- _Problem_: An exact reprint of the listing is required, with no pictures included.

START Raw data

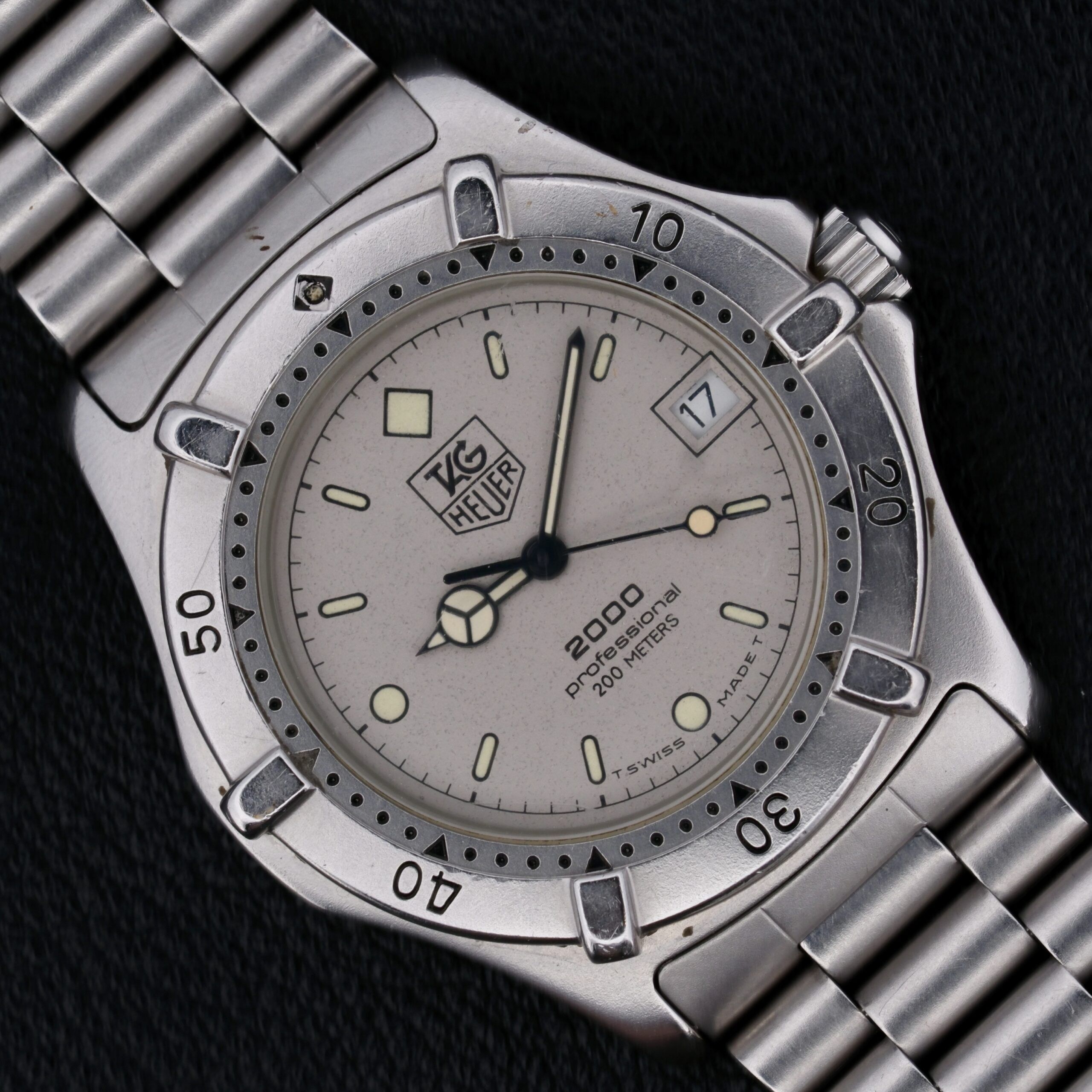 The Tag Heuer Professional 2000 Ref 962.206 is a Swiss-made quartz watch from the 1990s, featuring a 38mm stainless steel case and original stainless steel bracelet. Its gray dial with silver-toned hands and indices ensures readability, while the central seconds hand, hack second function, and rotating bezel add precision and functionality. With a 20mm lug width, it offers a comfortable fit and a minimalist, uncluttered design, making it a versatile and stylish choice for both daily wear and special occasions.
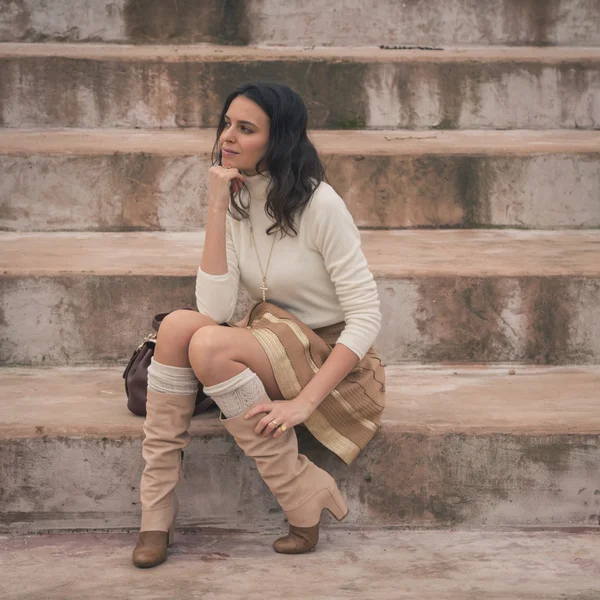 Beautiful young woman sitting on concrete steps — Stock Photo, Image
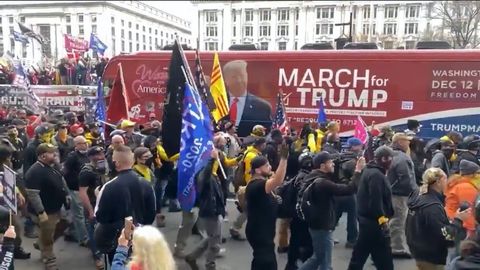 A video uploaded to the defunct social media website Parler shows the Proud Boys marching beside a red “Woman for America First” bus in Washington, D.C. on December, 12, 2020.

END Raw data

- _Answer space_:
 The Tag Heuer Professional 2000 Ref 962.206 is a Swiss-made quartz watch from the 1990s, featuring a 38mm stainless steel case and original stainless steel bracelet. Its gray dial with silver-toned hands and indices ensures readability, while the central seconds hand, hack second function, and rotating bezel add precision and functionality. With a 20mm lug width, it offers a comfortable fit and a minimalist, uncluttered design, making it a versatile and stylish choice for both daily wear and special occasions.
 Beautiful young woman sitting on concrete steps — Stock Photo, Image
 A video uploaded to the defunct social media website Parler shows the Proud Boys marching beside a red “Woman for America First” bus in Washington, D.C. on December, 12, 2020.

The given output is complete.